I am just asking this for my general understanding of PostgreSQL. I was
reading the 'Realtime VACUUM + performance on insert/update/delete' thread
and got stuck on something Scott Marlowe had mentioned:
Also, things like:
update table set field1=field1+1
are killers in an MVCC database as well.
If I understand this correctly, such an operation basically results in copying
the entire table. For big tables, it seems like such an operation would be
something you wouldn't want to take lightly.
My questions is: when the update commits, and all transactions that depend on
the version of these (old/updated) tuples all commit, could these tuples be
automatically marked for reuse during the course of normal processing
(without adding significant overhead)? --- rather than waiting for a vacuum?
I am sure the short answer it 'No'.
This probably centers around how MVCC works, and most likely it only concerns
itself with a tuple's version in the course of processing transactions, not
figuring out which versions are no longer relevant --- which is vacuum's job.

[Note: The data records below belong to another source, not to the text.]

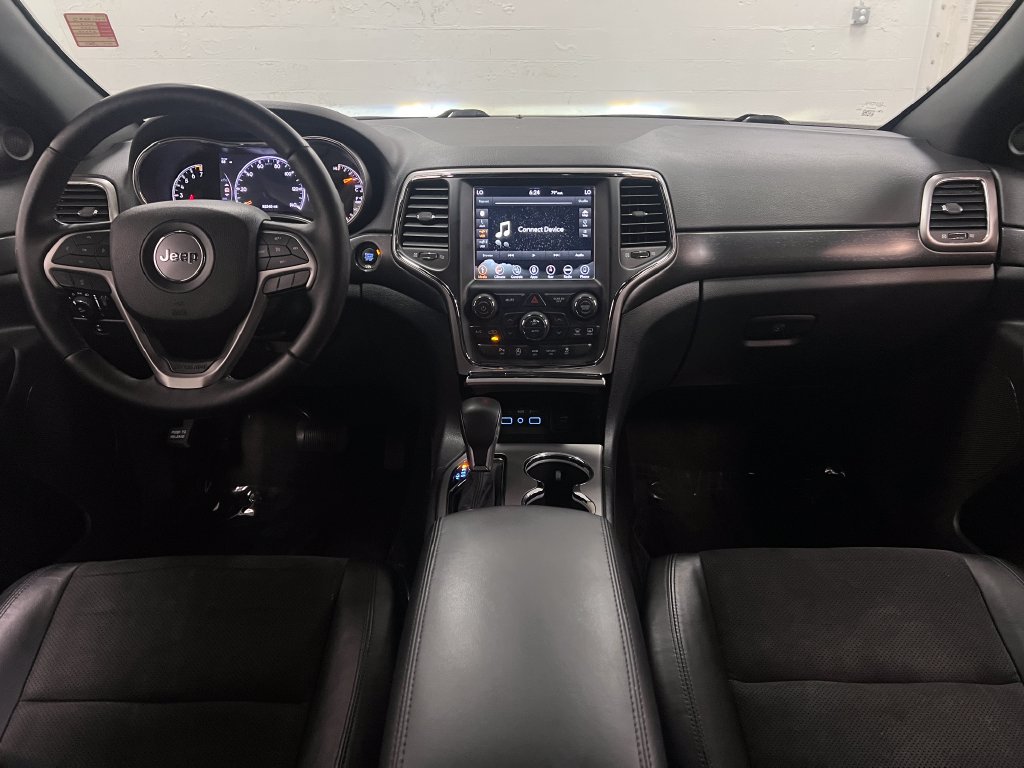 Used 2018 Jeep Grand Cherokee Altitude AWD/4WD image 12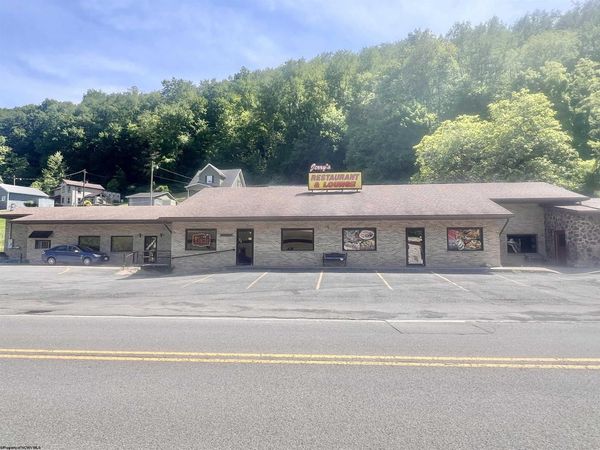 242 BARRETT, Grafton, WV 26354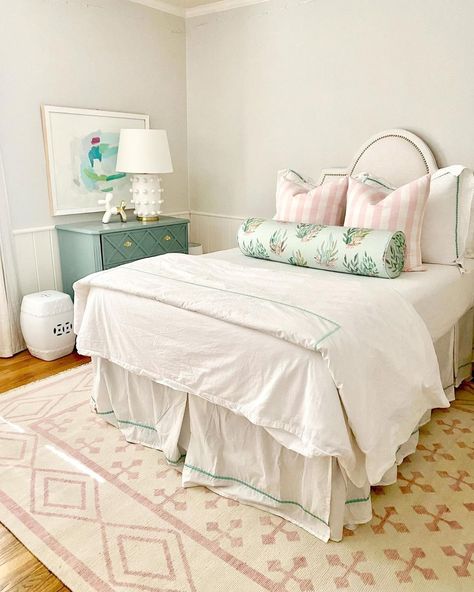 Grandmellinial Decor Bedroom, College Needs, Grand Millennial Bedroom, College Dorm Room Decor, College Apartment Decor, Bed In Living Room, Dorm Room Inspiration, Preppy Room, Room Makeover Bedroom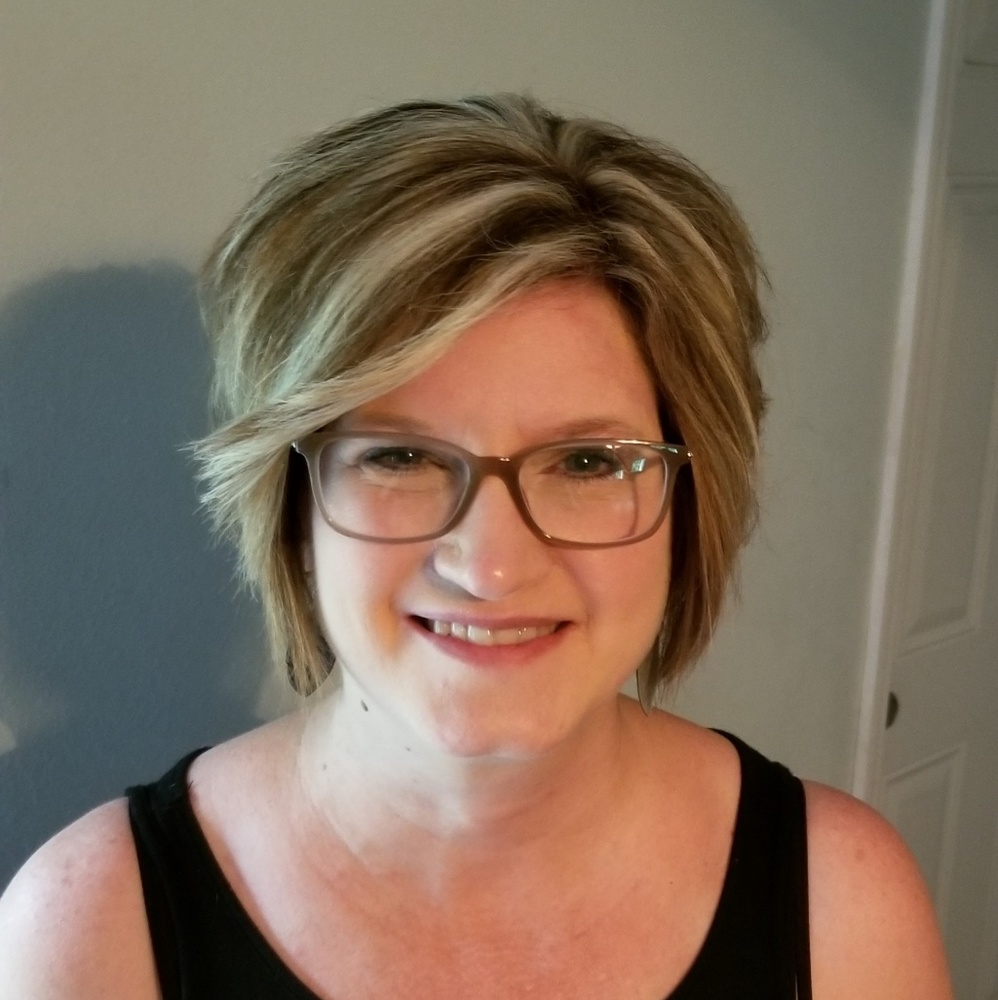 Meet your Posher, Lorie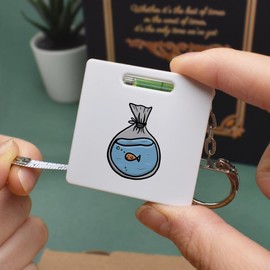 Azeeda 'Fish In A Bag' Keyring Tape Measure/Spirit Level Tool (KM00021943)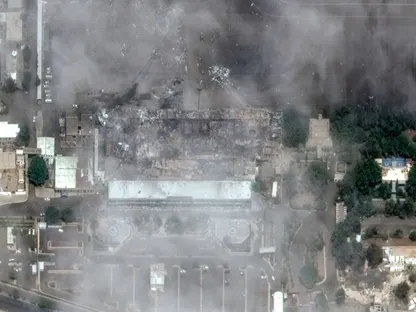 إسرائيل تشن غارات جوية على مطار صنعاء وتتعهد باستهداف الموانئ والبنى التحتية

I'm just trying to understand if it would ever be possible/reasonable for
postgres to make vacuum campaigns on tables based on administrative
thresholds --- say if 50% of the table's tuples are invalid, then mark them
for reuse.
Again, this is just a matter of curiosity/interest, and it is probably more a
matter of me needing to study PostgreSQL's internals than anything else. I
was just wondering if anyone might offer a quick and easy answer before I
dove in.
Thanks.